Mar 27 2005

En finir avec les mariages forcés

Ma tribune parue dans Le Figaro, no. 18862 du dimanche 27 mars 2005, p. 10 :

Un rapport du Haut Conseil à l’intégration estimait en 2003 à 70 000 le nombre des jeunes filles touchées en France par les mariages forcés. Un chiffre qui fait peur, mais sans doute encore très en dessous de la réalité, et qui témoigne de l’urgence de remédier au problème.

Qu’est-ce qu’un mariage forcé ? C’est un mariage arrangé par les familles mais sans le consentement des jeunes filles. Une violence morale et psychologique intolérable. Une atteinte à l’intégrité de la personne et à ses droits fondamentaux. Une survivance d’une coutume et d’une tradition anciennes qui fait que l’on promet les filles, parfois dès leur naissance, à un parent plus ou moins lointain, voire à un inconnu. Une forme d’esclavage moderne, selon les termes même des Nations-unies.

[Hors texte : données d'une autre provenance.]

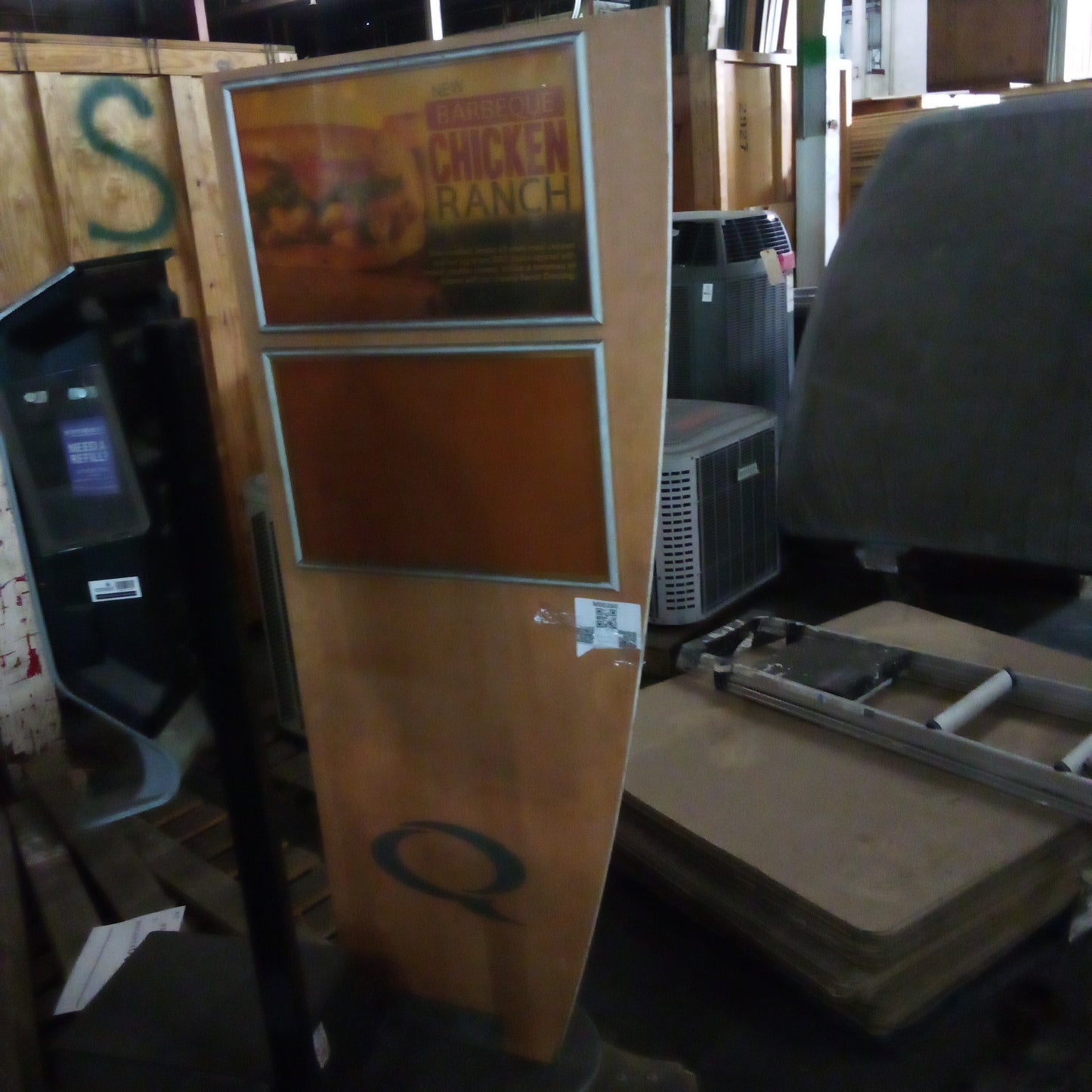 M00260 - Quiznos sign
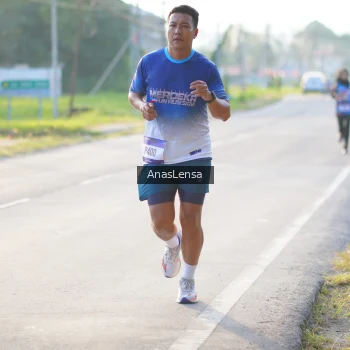 Runner Photo 3465973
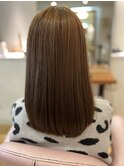艶サラ髪ストレートヘア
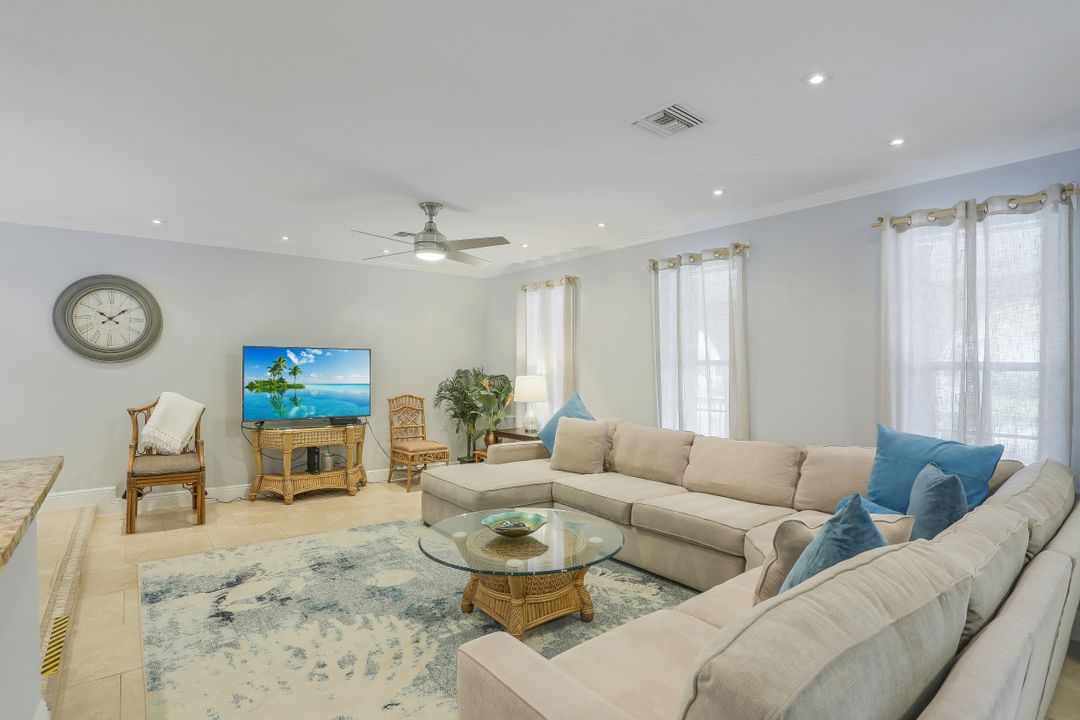 318 Sand Hill St, Marco Island, FL 34145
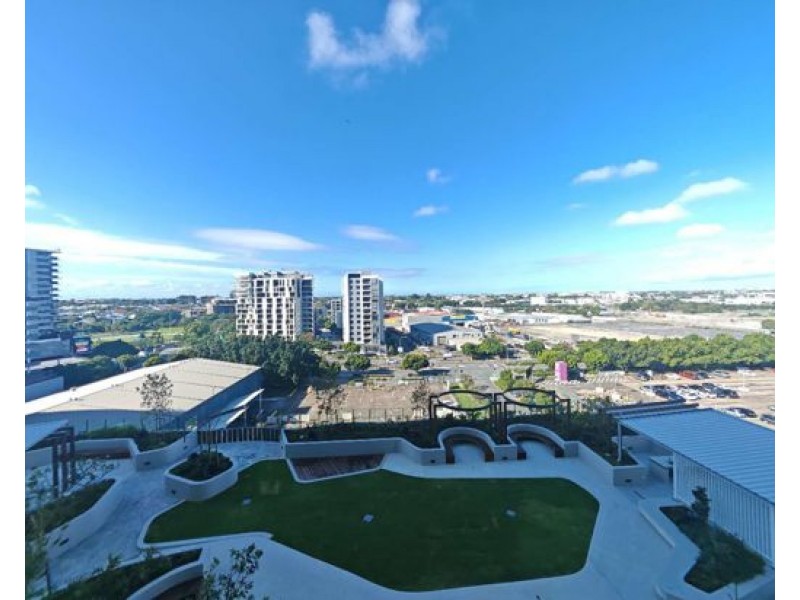 30701/15 Wharf Street, Hamilton QLD 4007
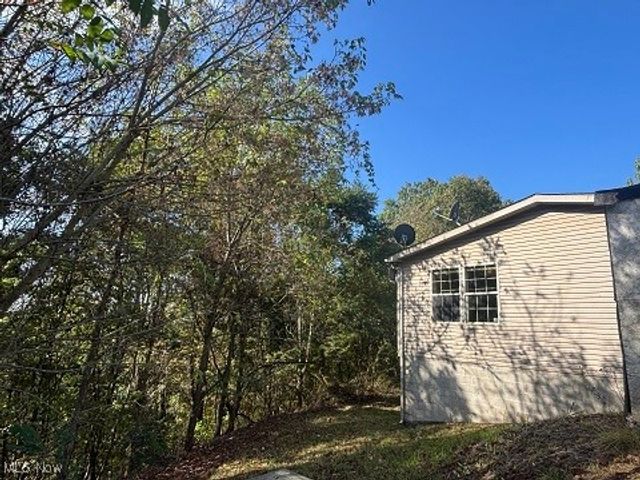 350 Urban Hill Road, Zanesville, OH 43701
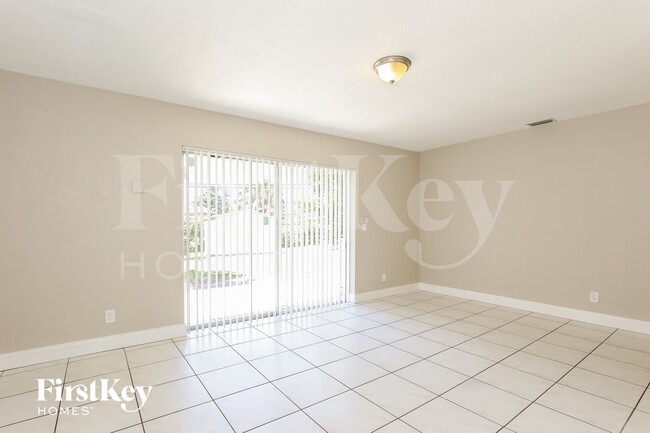 Photo - 6487 SW 26th St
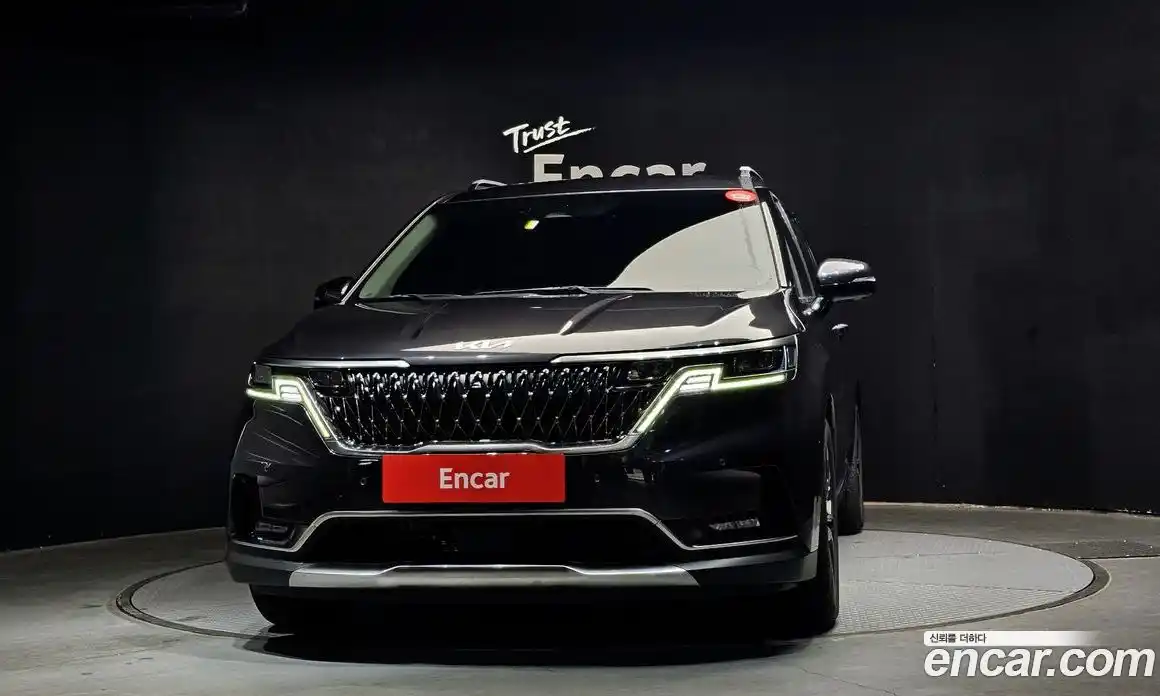 Kia Canival 2022 3.5 Автомат в Москве № 929075, фото 3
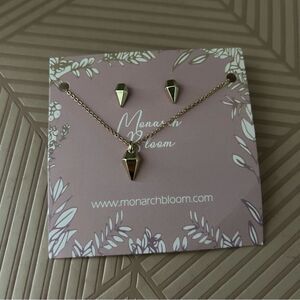 Monarch Bloom Earrings Necklace Set Gold Shine Bright Casual Neutral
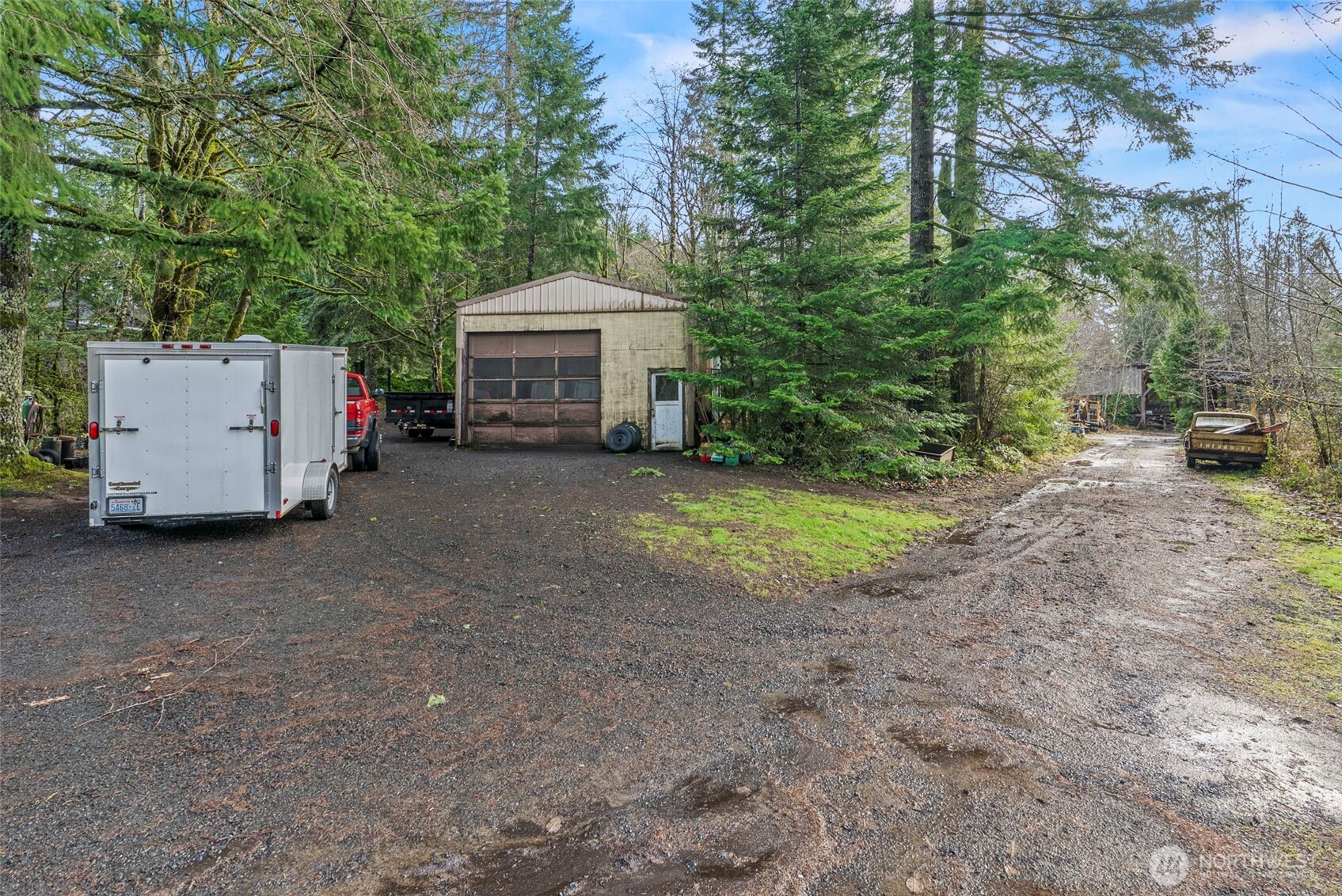 1337 South Silverlake Road , Castle Rock, WA 98611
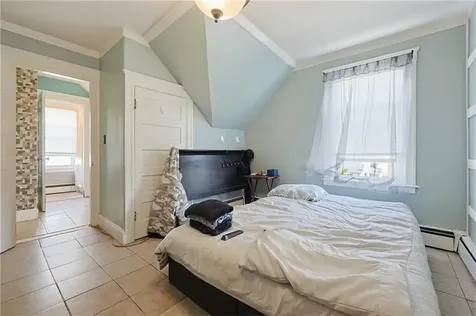 133 Trenton Street Pawtucket RI 02860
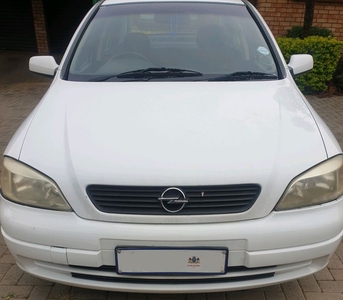 White Opel Astra 1.6, 2000 model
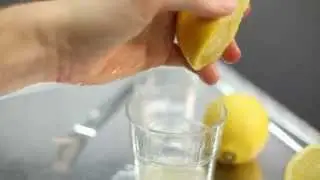 Zitronen auspressen - ohne Spritzen: So geht's!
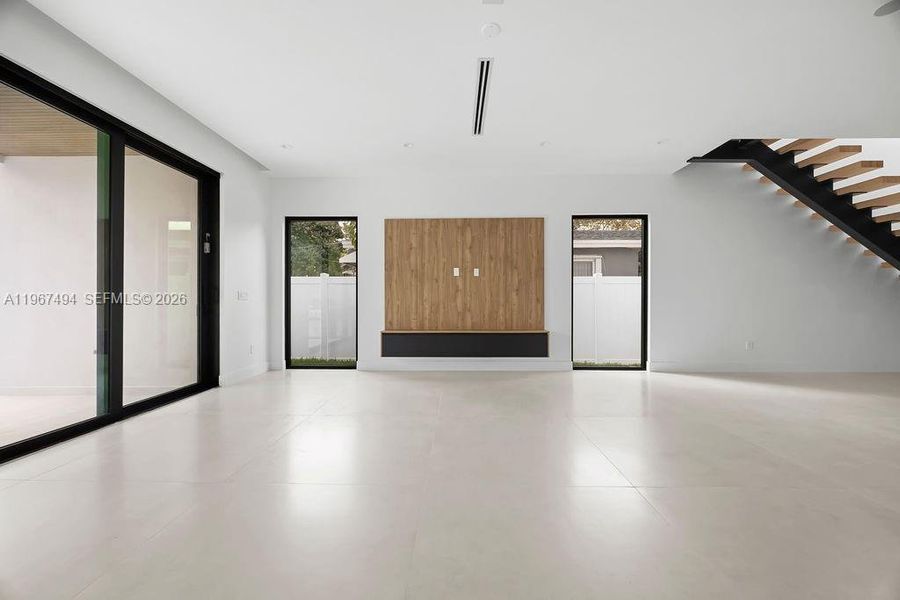 Spacious, unfurnished interior of a new home in , Fort Lauderdale (Image 39).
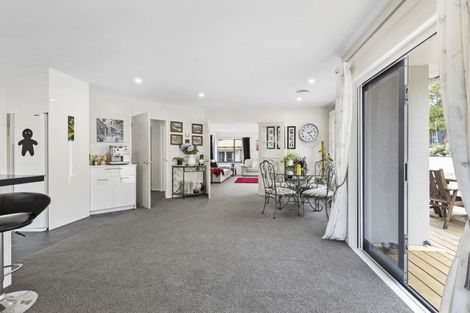 Photo of property in 11 Ruapehu Drive, Fitzherbert, Palmerston North, 4410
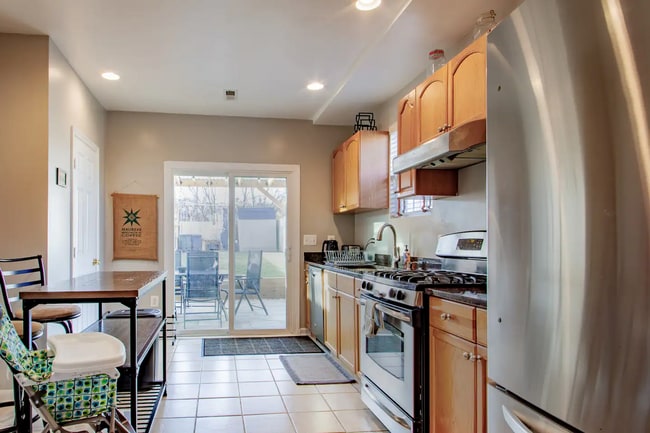 Photo - 17 17th St SE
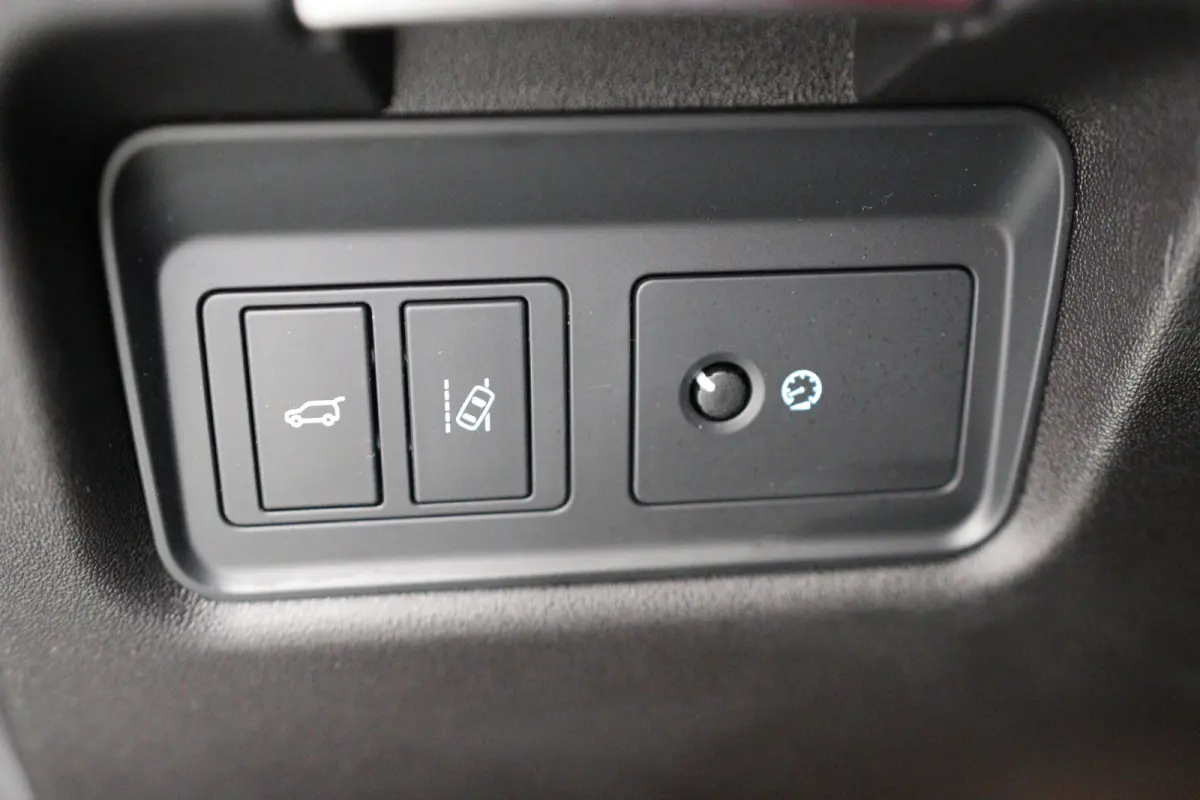 2.0 P300 AWD R-Dynamic HSE | Panoramadak | Stoelverwarming & koeling | Memory stoelen | Cruise Adaptief | Leder | Keyless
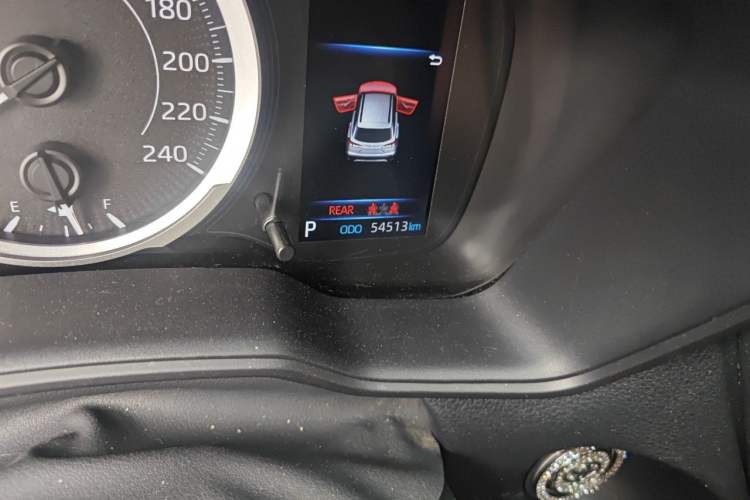 Used Toyota FRONTLANDER 2022 2.0L CVT Leading Edition Odometer Close Up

Ses conséquences sont souvent dramatiques. En Grande-Bretagne, par exemple, l’on estime que les jeunes femmes originaires du Moyen-Orient, d’Afrique ou d’Asie sont 3 à 4 fois plus susceptibles de se suicider entre 15 et 34 ans que les autres jeunes femmes. Mais l’on compte aussi nombre de crimes que l’on justifie lorsque la jeune fille « déshonore » la famille en refusant un mariage imposé.

Comment y remédier ?

Il faut tout d’abord changer, en France, le Code civil qui stipule, dans son article 144, que l’âge minimum légal est de 15 ans pour les filles et de 18 ans pour les garçons. Cette disposition du Code civil napoléonien, inchangée depuis 1804, est une discrimination qui porte atteinte au principe républicain d’égalité, en complète contradiction avec les récentes lois relatives à l’égalité des droits entre hommes et femmes dans tous les domaines. Elle est surtout un danger pour les jeunes filles mineures qui se voient imposer un mariage contre lequel elles n’ont guère de moyens de lutter.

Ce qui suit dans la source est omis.